Nice addition! And the code looks pretty straight forward.
Thanks for reviewing!
Fixed in v2 attached. This also adds a simple regression test, as well as fixes the parallel working handling.
Do you have some performance comparison between TIMING ON and TIMING SAMPLING?
Here are some benchmarks of auto_explain overhead on my ARM-based M1 Macbook for the following query run with pgbench on a scale factor 100 data set:
SELECT COUNT(*) FROM pgbench_branches JOIN pgbench_accounts USING (bid) JOIN pgbench_tellers USING (bid) WHERE bid = 42;
(the motivation is to use a query that is more complex than the standard pgbench select-only test query)
avg latency (best of 3), -T 300, -c 4, -s 100, shared_buffers 2GB, fsync off, max_parallel_workers_per_gather 0:
master, log_timing = off: 871 ms (878 / 877 / 871)
patch, log_timing = off: 869 ms (882 / 880 / 869)
patch, log_timing = on: 890 ms (917 / 930 / 890)
patch, log_timing = sampling, samplefreq = 1000: 869 ms (887 / 869 / 894)
Additionally, here is Andres' benchmark from [1], with the sampling option added:
% psql -Xc 'DROP TABLE IF EXISTS t; CREATE TABLE t AS SELECT * FROM generate_series(1, 100000) g(i);' postgres && pgbench -n -r -t 100 -f <(echo -e "SELECT COUNT(*) FROM t;EXPLAIN (ANALYZE, TIMING OFF) SELECT COUNT(*) FROM t;EXPLAIN (ANALYZE, TIMING SAMPLING) SELECT COUNT(*) FROM t;EXPLAIN (ANALYZE, TIMING ON) SELECT COUNT(*) FROM t;") postgres |grep '^ '
DROP TABLE
SELECT 100000
3.507 0 SELECT COUNT(*) FROM t;
3.476 0 EXPLAIN (ANALYZE, TIMING OFF) SELECT COUNT(*) FROM t;
3.576 0 EXPLAIN (ANALYZE, TIMING SAMPLING) SELECT COUNT(*) FROM t;
5.096 0 EXPLAIN (ANALYZE, TIMING ON) SELECT COUNT(*) FROM t;
My pg_test_timing data for reference:
% pg_test_timing
Testing timing overhead for 3 seconds.
Per loop time including overhead: 23.65 ns
Histogram of timing durations:
< us % of total count
1 97.64472 123876325
2 2.35421 2986658
4 0.00022 277
8 0.00016 202
16 0.00064 815
32 0.00005 64
In InstrStartSampling there's logic to increase/decrease the frequency of an already existing timer.

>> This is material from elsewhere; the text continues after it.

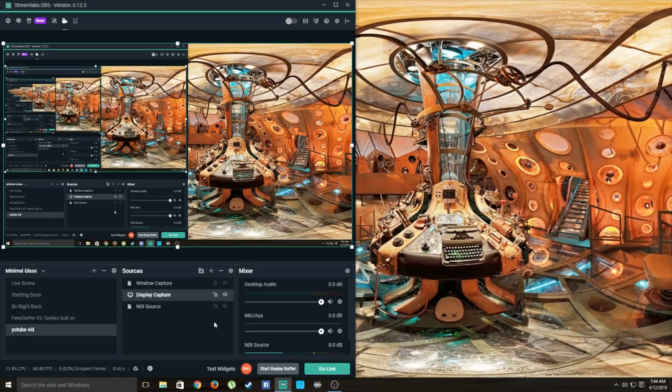What is happening YouTube, it's your boy Techtrex back with another video. Today we are looking at how we can live stream from our PC.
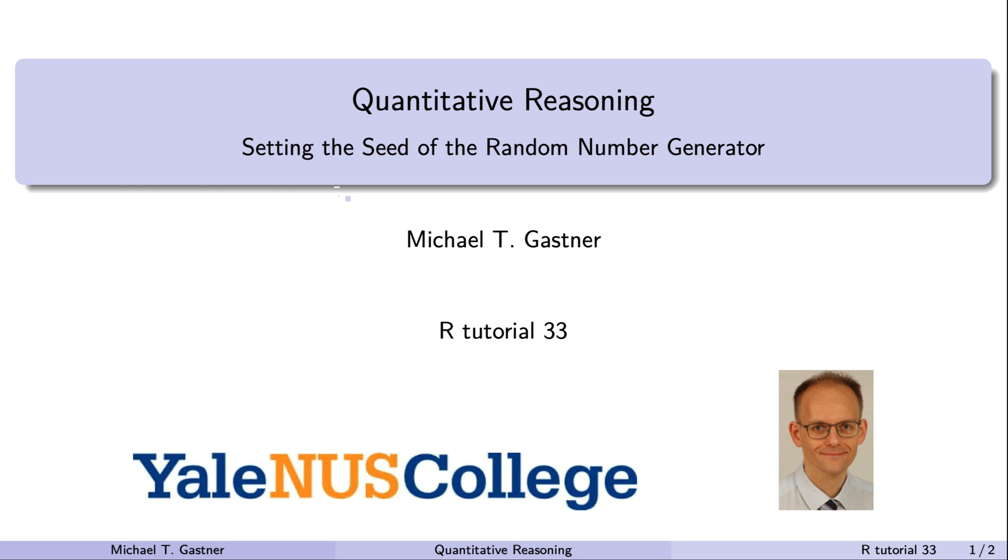Welcome back to Quantitative Reasoning. In our previous tutorial, we learned how to generate random permutations and random samples.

It's not clear to me when this can occur. I'd expect sampling frequency to remain constant throughout an explain plan. If it's indeed needed, I think a code comment would be useful to explain why this edge case is necessary.
Clarified in a code comment in v2. This is needed for handling nested statements which could have different sampling frequencies for each nesting level, i.e. a function might want to sample it's queries at a higher frequency than its caller.